Where would we be with out Birth Mothers? Before I got to know my wife and the decisions she had made, I really never gave it much thought about adoption and what it means to me, my wife and those who are unable to have children. Now that I know more about adoption I can't stop thinking about the blessings that adoption brings to the lives of so many people. I hate to hear the people that have nothing but negative things to say about adoption and how inconsiderate those people are about the feelings of those birth mothers, birth fathers, adoptive couples and those who have been adopted themselves. Those harsh comments and feelings is what has lead me to write this post.

          I like to think deeper into things, that there is a much more meaningful reasons as to why things happen. That perhaps bad things happen to challenge the lives and the hearts of others in hope that they will turn it around and make a good thing come of it. The adoption process hits both sides of that in so many different ways that to me it truly becomes more of a miracle.

          How does adoption start? I don't mean the hole process after the child has been conceived and the birth mother has decided to place. I'm talking way before that. There are two sides to this love story. It starts with a couple who has come together through love and decided they wanted to start a family and grow there love through family. It continues after countless days, weeks, months and years of trying to start a family or losing a child. Through all the tears, trials, hopes, dreams and the faith of one day being able to start a family, for some that hope may dwindle, there faith may fall and the tears may never stop. That is where the second side of this love story starts again.

          A man and a woman make a choice to do something that some may not be proud of or approve of and then theirs those with different beliefs and become pregnant. Now what? My mom put it out for me in a very simple way. Not a very simple decision but you only have a couple choices. Do I get married, Do we keep the child and hope it works, or do I place the child for adoption and give this child a sure fighting chance with a family whose love is so strong that you know that child will be with a family with a love that no one could even know of? I'm not here to say which is the better choice and which is the bad choice. Everyone has a different story, different relationship with the birth father, different financial situations and so on and so forth. To some it may bring an unmarried couple together making them a stronger couple and bringing the realization of marriage and that maybe it is time for them to be married and start there family together. Then for some it may not be the best decision. That maybe that child deserves a family that can give that child the love, the family, the home and the life that maybe a birth mother and/or birth father couldn't give it.
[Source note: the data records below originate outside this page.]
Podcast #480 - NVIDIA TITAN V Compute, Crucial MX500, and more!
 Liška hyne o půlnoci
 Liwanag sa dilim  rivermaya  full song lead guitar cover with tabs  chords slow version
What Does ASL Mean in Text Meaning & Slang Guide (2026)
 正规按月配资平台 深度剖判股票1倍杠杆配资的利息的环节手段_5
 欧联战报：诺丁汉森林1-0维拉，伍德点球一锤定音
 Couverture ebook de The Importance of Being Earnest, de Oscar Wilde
          A man I know very well and respect and love very much recently told me that "Some things just happen for a reason, a reason unknown and that we cant comprehend". I have heard things like that all the time and never really thought of it to deeply till recently when we were dealing with a very close, personal and sad situation. Why do things happen, why must we have these trials, why must we lose loved ones and why must we have to make the choice? We can't begin to comprehend the emotions that fill a person when they find out they cannot have children or have lost a child. We can't comprehend the emotions that fill a person who has to chose to place there child for adoption. What we can know is that between the two there is a child, a heart, a mind and a love that is so precious that we can only know that things "DO" happen for a reason. Where would those hopeful parents be if it wasn't for those birth mothers?
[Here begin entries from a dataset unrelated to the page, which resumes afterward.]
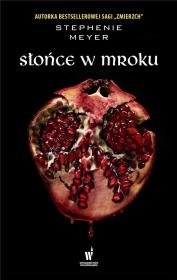 Słońce w mroku. Autor: Stephenie Meyer. Dadada.pl Okładka książki Słońce w mroku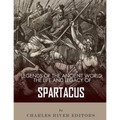 Legends of the Ancient World: The Life and Legacy of Spartacus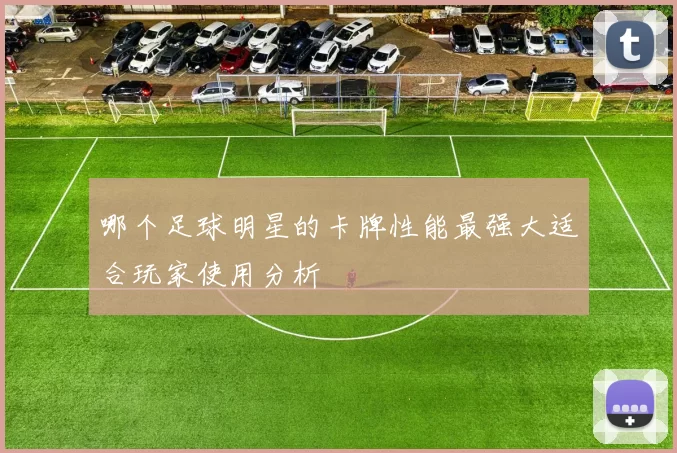 哪个足球明星的卡牌性能最强大适合玩家使用分析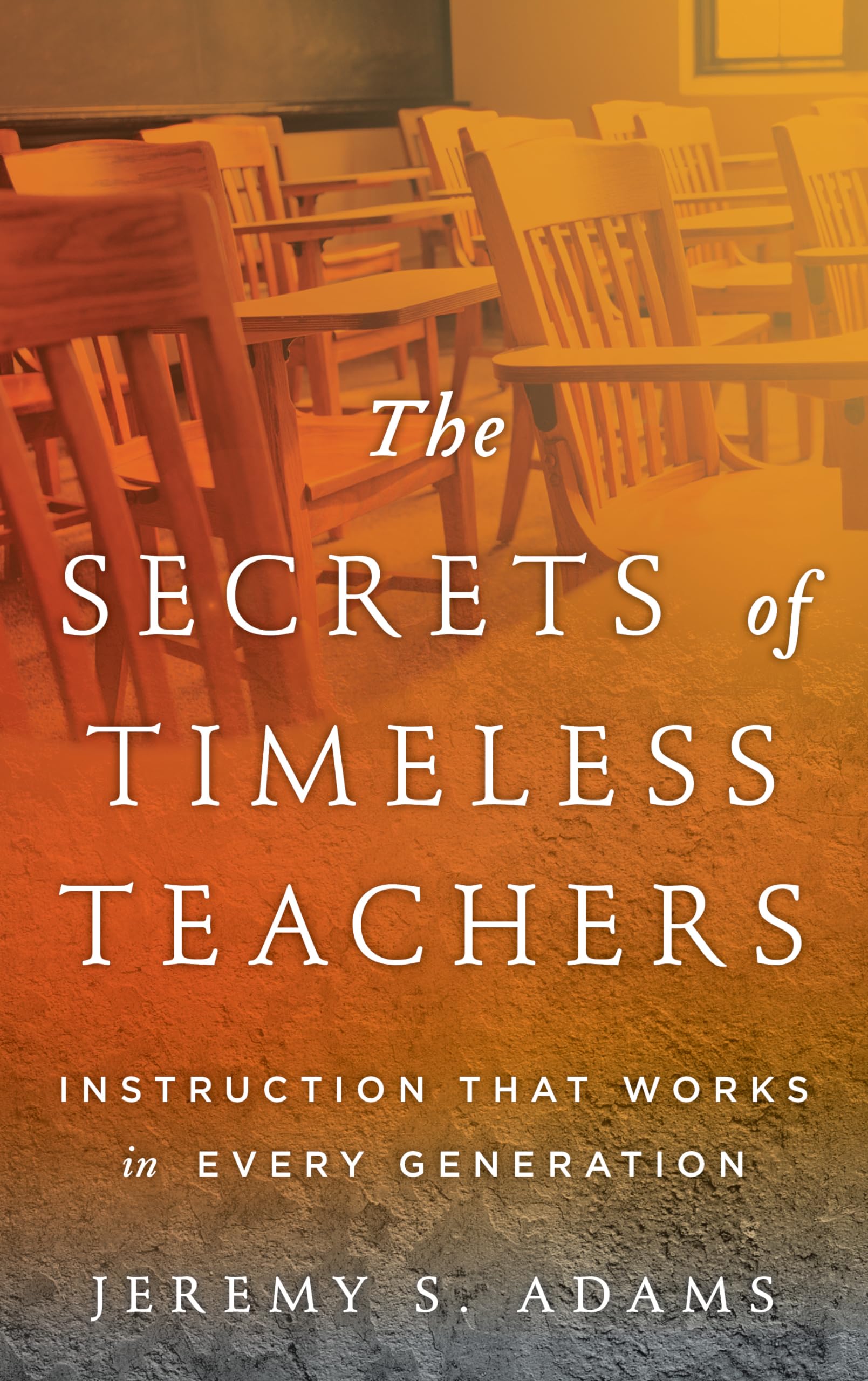 The Secrets of Timeless Teachers: Instruction that Works in Every Generation: Instruction that Works in Every Generation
          You can disagree, you can continue to disapprove with the choices made and you can continue to think that all things happen because of the choices we make. But those choices we make can't be taken back but what we can do with those choices is turn it around in order to affect the lives of others in a positive, loving, hopeful way. Birth Mothers give back hope, they give back love, they take away the tears, the sadness, the fear and they give a miracle. A miracle created beyond our own understanding in order to create FAMILIES.